Deputy District Attorney Jeffrey Semow and Starr's office deny those claims.
Flynn has issued several rulings allowing her to be transferred _ initially back to a federal lockup in Texas and later to the Pasadena, Calif., jail _ but she remains at county jail because federal and local authorities cannot agree on who is responsible for her custody.
``We don't have a removal order to remove her out of our jail, so she is still being held here,'' sheriff's custody chief Barry King said.
Flynn issued Tuesday's order after defense attorney Mark Geragos had Starr served with a subpoena Monday in a San Francisco restaurant.

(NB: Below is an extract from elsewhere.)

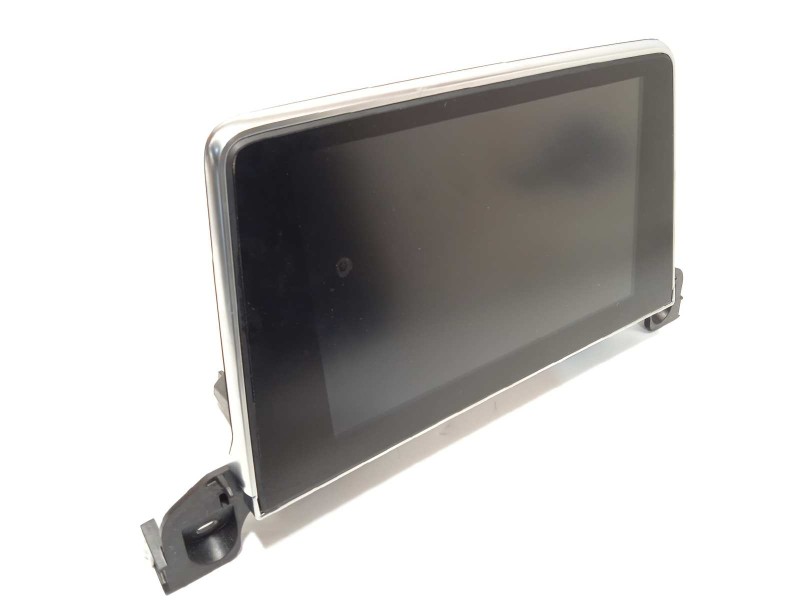 Recambio de pantalla multifuncion para peugeot 3008 allure referencia OEM IAM 9830424280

Starr ignored the subpoena ordering him to appear in court Tuesday. When he did not show up, the matter was postponed until May 22. In a letter from the Office of Independent Counsel in Little Rock, Ark., , Flynn was told the subpoena did not meet federal guidelines and that Starr had returned to Washington, D.C.
Geragos said he wants to put Starr on the witness stand ``to get a straight answer'' about his client's incarceration.
``Officially, we have no comment,'' said Deborah Gershman, spokeswoman for Starr's office in Little Rock.
Geragos claims Starr and the local prosecutor are conspiring to make Mrs. McDougal as uncomfortable as possible while she refuses to testify before the Whitewater grand jury.
Mrs. McDougal, a former bookkeeper for the Mehtas, pleaded innocent. If convicted on all counts, she could face up to nine years in prison.
In interviews, Mrs. McDougal has accused Starr of conducting a witch hunt against the Clintons. She has refused to cooperate in his investigation.
Last year, Mrs. McDougal was sentenced to two years in prison for her role in Whitewater, but has yet to begin serving it. She can be held up to 18 months for contempt.
Her ex-husband, who cooperated with Starr's investigation, received a lenient sentence last month of three years in prison. Convicted on 18 felony counts involving fraud, he had faced up to 84 years imprisonment.